When I first moved to New York over a decade ago, I took a creative writing class where the instructor encouraged us to “write about the whore of your experience.” I remember sitting in Bryant Park, among the twenty writers on a beautiful summer day, feeling the heat rise in my cheeks. “Who is he calling a whore?” I thought. My eyes darted around the group, but no one else seemed perturbed. They simply continued taking notes in the glimmering sunshine.
When he said it again—explaining that he was encouraging us to dig into the messy, uncomfortable parts of our lives—it became clear he’d been saying horror, and his strong New Yorker accent had made it sound very much like the other word I’d heard. At the time I chuckled, aware of how much my ears had yet to adjust. It was a funny misunderstanding, but it also became emblematic of the rocky relationship I’ve had with language in this adopted home of mine.

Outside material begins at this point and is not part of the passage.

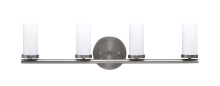  2814-GP-801B - Bathroom Lighting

Recently, I was reminded of this moment when listening to the first episode of Lupita Nyong’o’s fantastic podcast, Mind Your Own. In it, she shares the story of her struggle to “sound American” when she started out as an actress in Hollywood. Lupita, who was born in Mexico and raised in Kenya, recalls how the more she tried to emulate the speech of actors she admired, the more she felt as though she was losing herself. “I couldn’t find myself in my mouth anymore,” she says, a sentiment that resonated with me.
I, too, know what it’s like to be acutely aware of how different you sound to those around you, and to toy with the idea of how to fit in sonically. When I first arrived in New York from South Africa 14 years ago, I was hyper-aware of how I sounded. When I spoke, I could hear my own voice echoing back at me; sometimes, I’d even struggle to form the right shape with my mouth.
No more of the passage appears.